== Segment start ==

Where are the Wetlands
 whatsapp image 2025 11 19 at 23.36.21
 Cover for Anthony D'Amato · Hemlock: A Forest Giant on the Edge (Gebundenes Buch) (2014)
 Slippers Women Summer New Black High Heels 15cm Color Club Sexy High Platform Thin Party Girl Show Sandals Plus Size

== Segment end ==

• **Aim of the exercise**
Output, unchanged, only the lines from the one that holds "whatsapp image 2025 11 19 at 23.36.21" through the last line of the material above.

• **Answer section**
 whatsapp image 2025 11 19 at 23.36.21
 Cover for Anthony D'Amato · Hemlock: A Forest Giant on the Edge (Gebundenes Buch) (2014)
 Slippers Women Summer New Black High Heels 15cm Color Club Sexy High Platform Thin Party Girl Show Sandals Plus Size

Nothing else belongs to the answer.